Task instructions: Set down, word for word, every line of the material below from the one containing "Children's cash register" through the one containing "T&v Limoges Butterfly", but none of its pictures.

Given data:

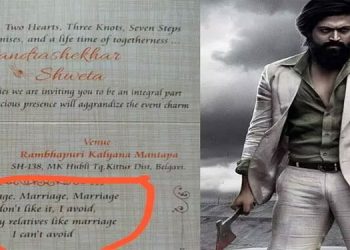 ‘എനിക്ക് കല്യാണം ഇഷ്ടമല്ല, പക്ഷേ…’-‘കെ.ജി.എഫ് 2’ലെ മാസ്സ് ഡയലോഗുമായി കല്യാണക്കുറി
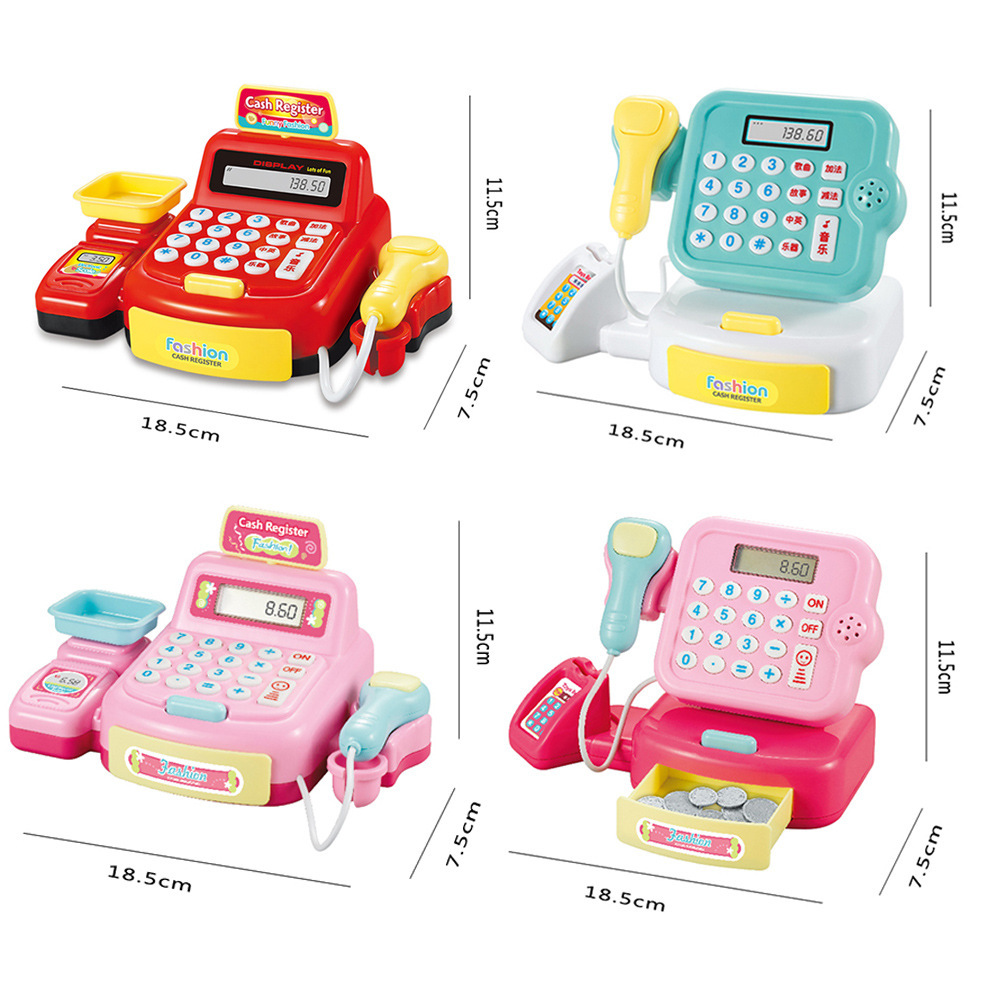 Children's cash register play house cute toy light sound simulation scanner supermarket calculator stall wholesale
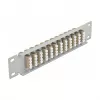 Glasvezel patchpaneel DeLOCK 10 inch 12 poorten LC quad beige 1U grijs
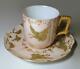 T&v Limoges Butterfly Pink Demitasse Cup & Saucer W Heavy Gilding & Beading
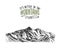 Its better in the mountains sign in vintage, old hand drawn, sketch, or engraved style. modern looking mountain peak as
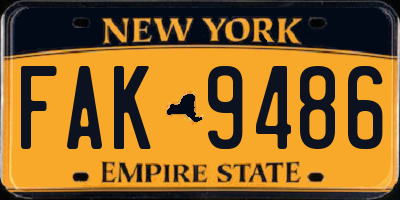 NY license plate FAK9486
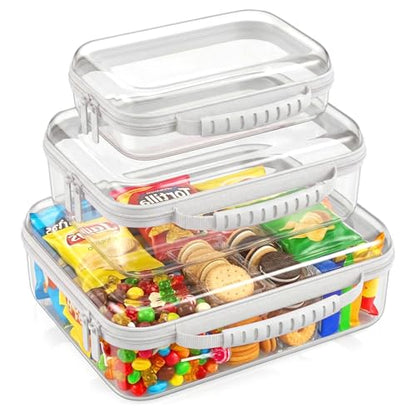 Clear Hard Shell Organizer Cases, 3 Pack with Handle | Durable PET shell with water-resistant, scratch-resistant surface for travel, toiletries, electronics and toys - color: White1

Task solution:
 Children's cash register play house cute toy light sound simulation scanner supermarket calculator stall wholesale
 Glasvezel patchpaneel DeLOCK 10 inch 12 poorten LC quad beige 1U grijs
 T&v Limoges Butterfly Pink Demitasse Cup & Saucer W Heavy Gilding & Beading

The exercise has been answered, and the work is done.